● About this exercise: An exact transcription of all the records below is required, without any images.

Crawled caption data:
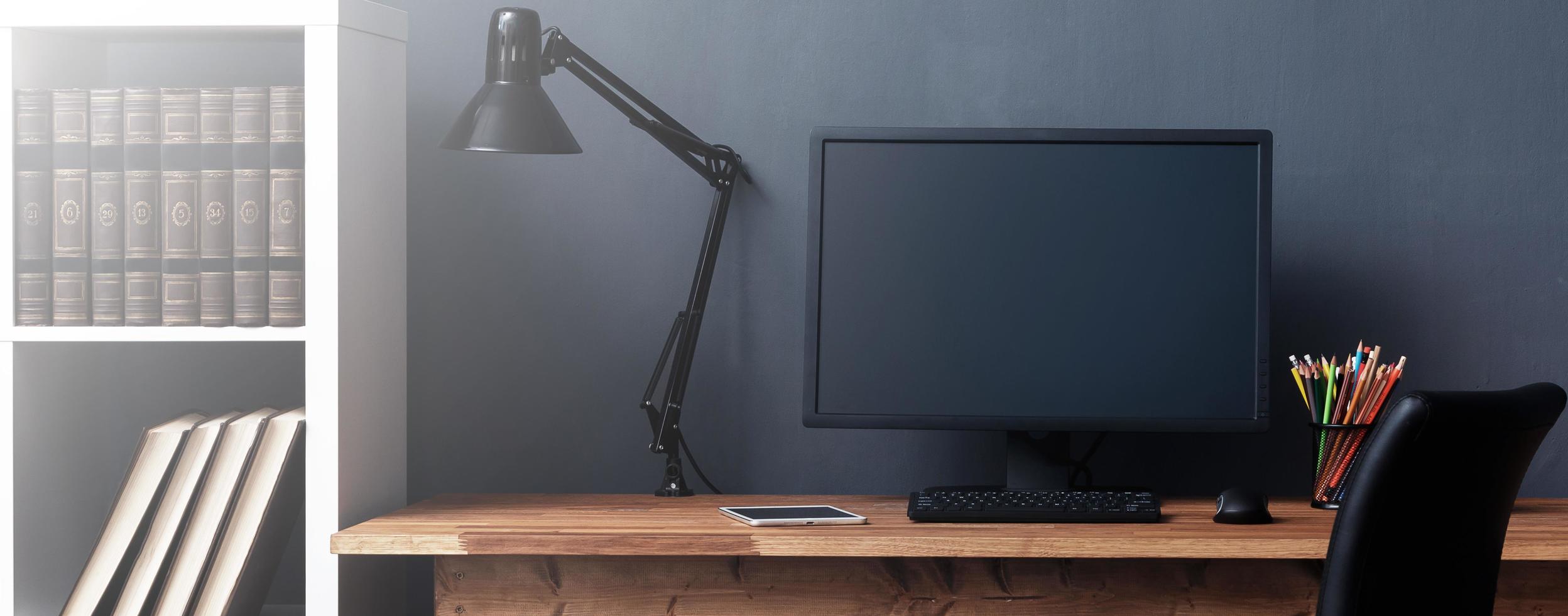 Home workplace desk with computer in the interior photo
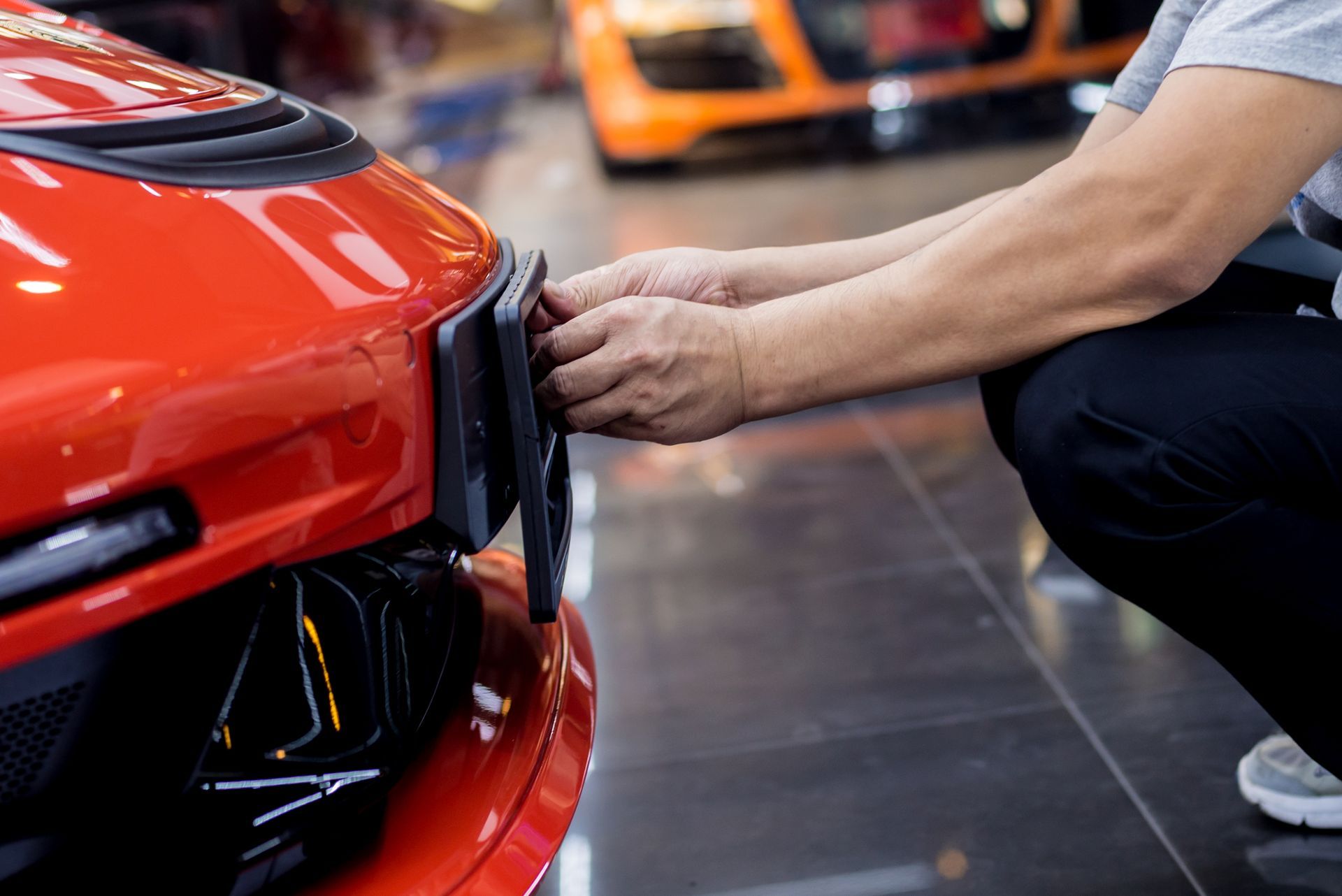 Person adjusting a red sports car's front bumper in a garage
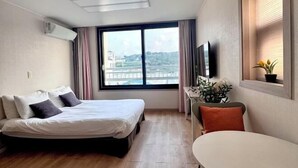Una camera d'albergo con un letto, una televisione, una finestra con tende e un tavolino con una pianta.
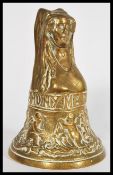 An early 20th century brass bell in the form of a maiden in a head dress, having a floral design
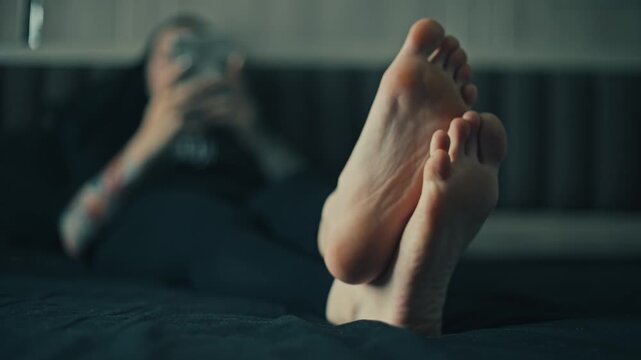 Low angle close up of female bare feet in sharp foreground with woman lying on bed and using game console in blurred bedroom background, cool moody light, relaxed home scene
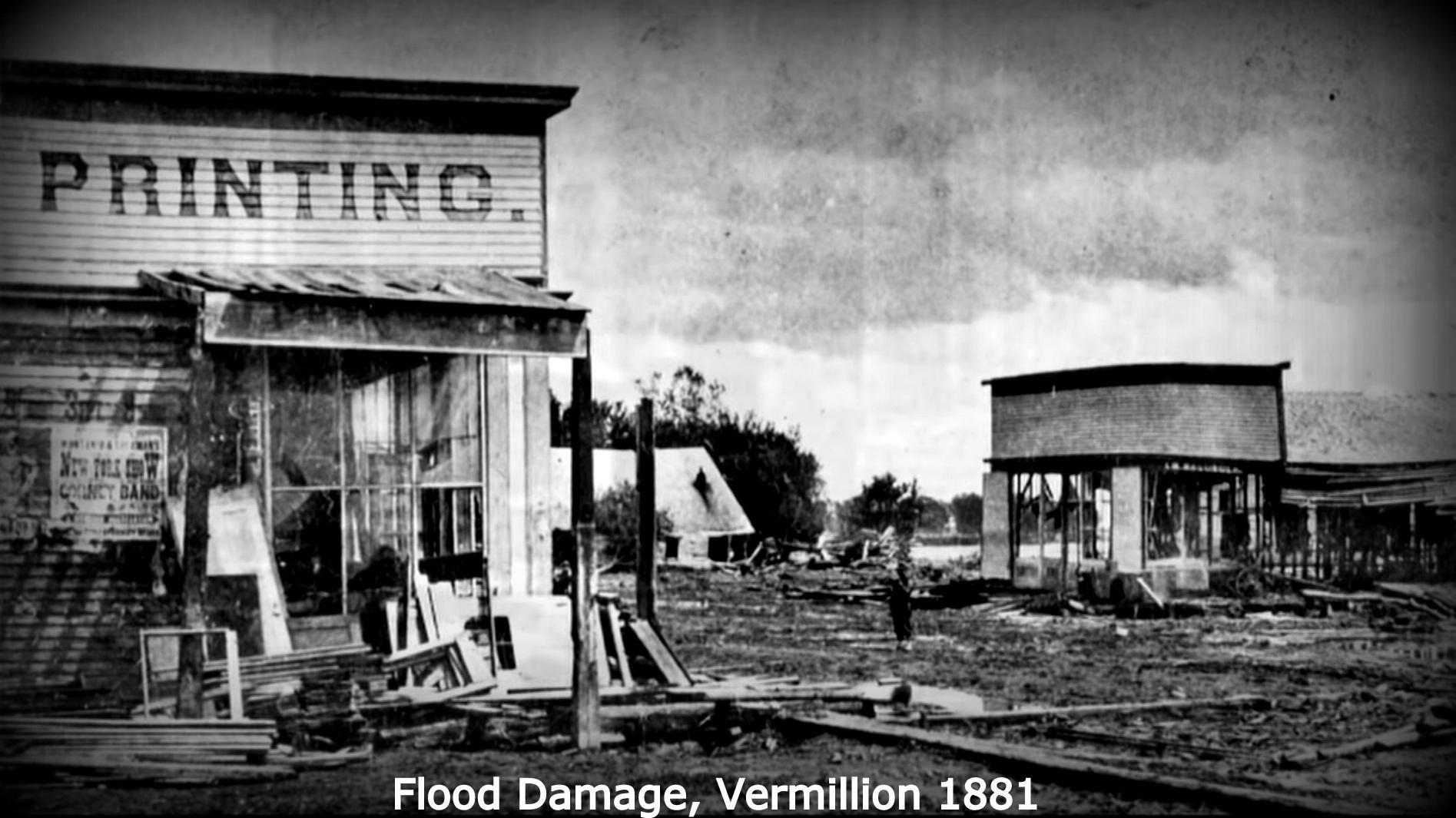 Damaged buildings after the 1881 flood in Vermillion, South Dakota. 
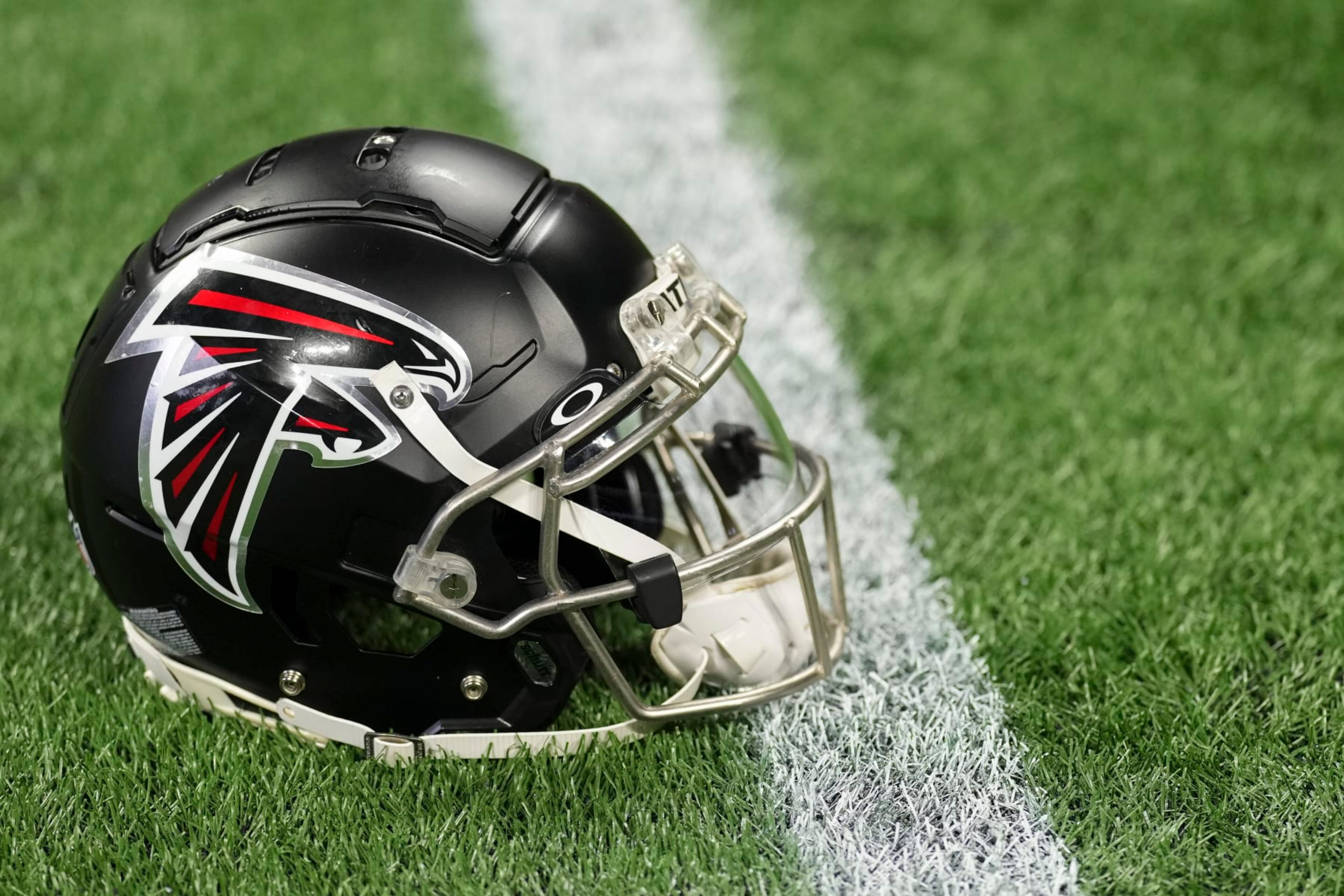 ATLANTA, GA - JANUARY 08: A close up view of an Atlanta Falcons helmet on the turf prior to the game against the Tampa Bay Buccaneers at Mercedes-Benz Stadium on January 8, 2023 in Atlanta, Georgia. (Photo by Cooper Neill/Getty Images) ATLANTA, GA - JANUARY 08: A close up view of an Atlanta Falcons helmet on the turf prior to the game against the Tampa Bay Buccaneers at Mercedes-Benz Stadium on January 8, 2023 in Atlanta, Georgia. (Photo by Cooper Neill/Getty Images)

● Written answer:
 Home workplace desk with computer in the interior photo
 Person adjusting a red sports car's front bumper in a garage
Una camera d'albergo con un letto, una televisione, una finestra con tende e un tavolino con una pianta.
 An early 20th century brass bell in the form of a maiden in a head dress, having a floral design
 Low angle close up of female bare feet in sharp foreground with woman lying on bed and using game console in blurred bedroom background, cool moody light, relaxed home scene
 Damaged buildings after the 1881 flood in Vermillion, South Dakota. 
 ATLANTA, GA - JANUARY 08: A close up view of an Atlanta Falcons helmet on the turf prior to the game against the Tampa Bay Buccaneers at Mercedes-Benz Stadium on January 8, 2023 in Atlanta, Georgia. (Photo by Cooper Neill/Getty Images) ATLANTA, GA - JANUARY 08: A close up view of an Atlanta Falcons helmet on the turf prior to the game against the Tampa Bay Buccaneers at Mercedes-Benz Stadium on January 8, 2023 in Atlanta, Georgia. (Photo by Cooper Neill/Getty Images)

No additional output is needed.